In a statement issued on Monday, November 19, 2007, the Supreme Court provided further details of its November 2 decision to nullify all negative scores on the wills, trusts, and estates (WTE) portion of South Carolina's July 2007 bar exam:Neither The State (South Carolina's leading newspaper) nor Not Very Bright (an astute blogger) is buying the court's explanation. They shouldn't. Each of these observers has identified some serious holes in the court's explanation.
According to The State's account, the Supreme Court's November 20 statement came as a surprise to the chairman of South Carolina's bar examiners: "Board chairman George Hearn told The State last week that no one from the high court nor any of his examiners reported the scoring error to him after the scores were released initially." Moreover, as The State has steadfastly reported, the court's decision to reverse the final grades represents an "apparent[] violat[ion] [of] its own March order, in which it established a rule that said, 'The results reported by the Board of Law Examiners are final and no applicant shall be allowed to seek re-grading or any other review of the results of the examination."

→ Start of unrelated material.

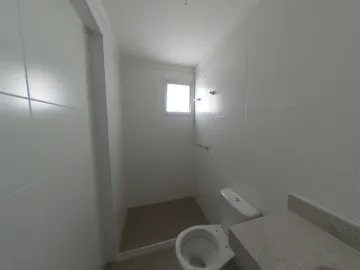 Sao Carlos Centro Apartamento Venda R$710.000,00 3 Dormitorios 2 Vagas 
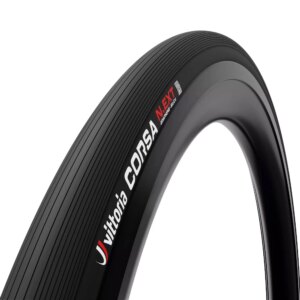 Vittoria - Vittoria Corsa N.EXT 29-622 TLR Rennradreifen schwarz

Not Very Bright's reaction, contrary to that blog's name, is even more illuminating:
I’d be interested in someone smarter than myself making sense of why you would pass twenty persons who you knew didn’t meet the qualifications to be a lawyer in order to fix a “transcription error” for one person. And why if your goal is to allow that one erroneously-passed person to remain “passed,” you simply wouldn’t leave it be rather than throwing out a section? And how does this square with the Facebook page and the Harrison and Burch interviews admitting contact with the Court and/or examiner?Why indeed. These steps, which seem eminently logical, appear to have lain far, far beyond the consideration of South Carolina's highest court:
- Petitioner X in fact flunked the bar exam. Due to a "scrivener's error," Petitioner X was wrongfully told that she or he had passed.
- It seems within the power of the court and of the bar examiners to inform Petitioner X that she or he would not be administered the oath of office as a new lawyer, since in fact she or he had flunked the bar exam.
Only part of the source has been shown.